Re: Parallel Aggregates for string_agg and array_agg - Mailing list pgsql-hackers

From Tomas Vondra
Subject Re: Parallel Aggregates for string_agg and array_agg
Date
Msg-id 452e8b7f-418b-4e61-c212-c0e4410b94ad@2ndquadrant.com
Whole thread Raw
In response to Re: Parallel Aggregates for string_agg and array_agg  (David Rowley <david.rowley@2ndquadrant.com>)
Responses Re: Parallel Aggregates for string_agg and array_agg  (Tom Lane <tgl@sss.pgh.pa.us>)
List pgsql-hackers

On 03/27/2018 04:51 AM, David Rowley wrote:
> On 27 March 2018 at 13:45, David Rowley <david.rowley@2ndquadrant.com> wrote:
>> On 27 March 2018 at 12:49, Tom Lane <tgl@sss.pgh.pa.us> wrote:
>>> Oh, I thought of another thing that would need to get done, if we decide
>>> to commit this.  array_agg_serialize/deserialize only work if the array
>>> element type has send/receive functions.  The planner's logic to decide
>>> whether partial aggregation is possible doesn't look any deeper than
>>> whether the aggregate has serialize/deserialize, but I think we have to
>>> teach it that if it's these particular serialize/deserialize functions,
>>> it needs to check the array element type.  Otherwise we'll get runtime
>>> failures if partial aggregation is attempted on array_agg().
>>>
>>> This would not matter for any core datatypes, since they all have
>>> send/receive functions, but I imagine it's still pretty common for
>>> extension types not to.
>>>
>>> For my money it'd be sufficient to hard-code the test like
>>>
>>>     if ((aggserialfn == F_ARRAY_AGG_SERIALIZE ||
>>>          aggdeserialfn == F_ARRAY_AGG_DESERIALIZE) &&
>>>         !array_element_type_has_send_and_recv(exprType(aggregate input)))
>>
>> I'd failed to consider this.
>>
>> Would it not be cleaner to just reject trans types without a
>> send/receive function? Or do you think that would exclude other valid
>> cases?
> 
> Seems I didn't mean "trans types". I should have said aggregate
> function argument types.
> 
> The attached I adds this check.
> 

I'm not sure that's better than the check proposed by Tom.
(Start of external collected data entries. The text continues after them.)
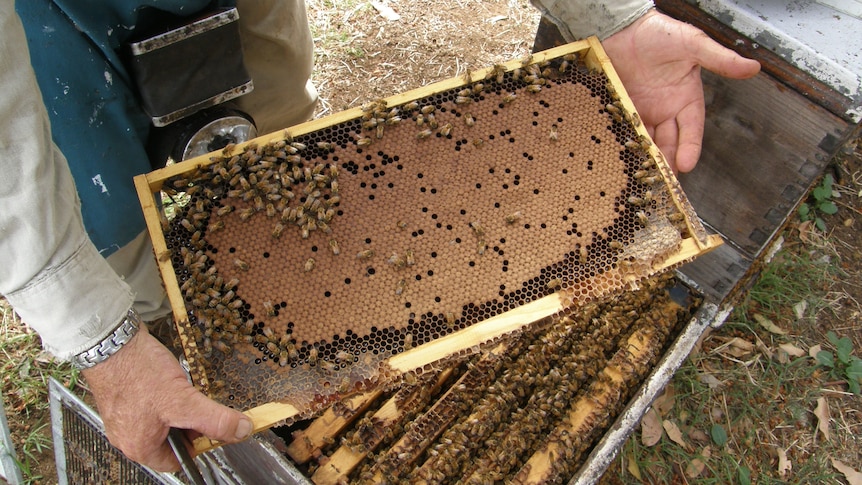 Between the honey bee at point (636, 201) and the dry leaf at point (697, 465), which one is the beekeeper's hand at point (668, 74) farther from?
the dry leaf at point (697, 465)

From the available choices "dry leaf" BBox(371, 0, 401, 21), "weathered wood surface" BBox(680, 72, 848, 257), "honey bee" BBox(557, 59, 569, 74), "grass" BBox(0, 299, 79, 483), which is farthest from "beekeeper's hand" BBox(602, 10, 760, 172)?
"grass" BBox(0, 299, 79, 483)

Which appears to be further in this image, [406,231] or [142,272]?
[142,272]

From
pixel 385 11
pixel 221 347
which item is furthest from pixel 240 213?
pixel 385 11

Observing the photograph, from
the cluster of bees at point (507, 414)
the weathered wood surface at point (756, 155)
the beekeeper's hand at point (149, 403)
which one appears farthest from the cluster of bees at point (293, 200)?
the weathered wood surface at point (756, 155)

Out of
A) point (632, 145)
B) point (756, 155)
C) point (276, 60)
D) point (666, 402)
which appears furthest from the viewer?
point (666, 402)

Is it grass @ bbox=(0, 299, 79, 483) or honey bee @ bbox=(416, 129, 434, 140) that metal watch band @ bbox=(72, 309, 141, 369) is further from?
grass @ bbox=(0, 299, 79, 483)

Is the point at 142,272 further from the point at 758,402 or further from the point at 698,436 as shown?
the point at 758,402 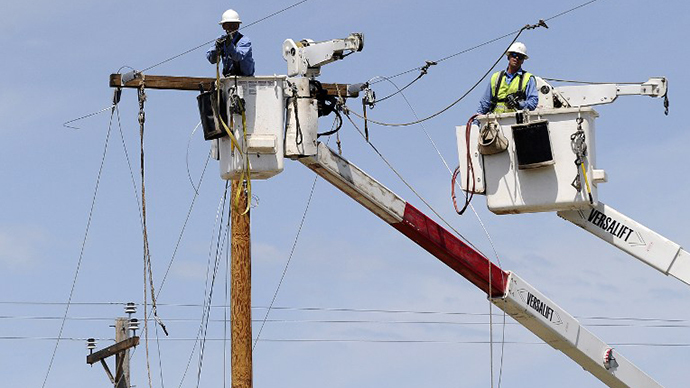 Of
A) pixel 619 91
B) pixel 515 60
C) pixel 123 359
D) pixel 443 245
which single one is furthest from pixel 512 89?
pixel 123 359

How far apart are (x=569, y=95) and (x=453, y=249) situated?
191 centimetres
An argument
type without send/receive function does not necessarily mean we can't
serialize/deserialize the trans value. Because who says the argument
value will be embedded in the trans value?

For example, I might create an aggregate to build a bloom filter,
accepting anyelement. That will hash the argument value, and obviously
has no issues with serializing/deserializing the trans value.

This check would effectively disable parallelism for all aggregates with
anyarray, anyelement, anynonarray, anyenum (and a few more) arguments.
That for example includes jsonb_agg, which some people already mentioned
as another candidate for enabling parallelism. Not great, I guess.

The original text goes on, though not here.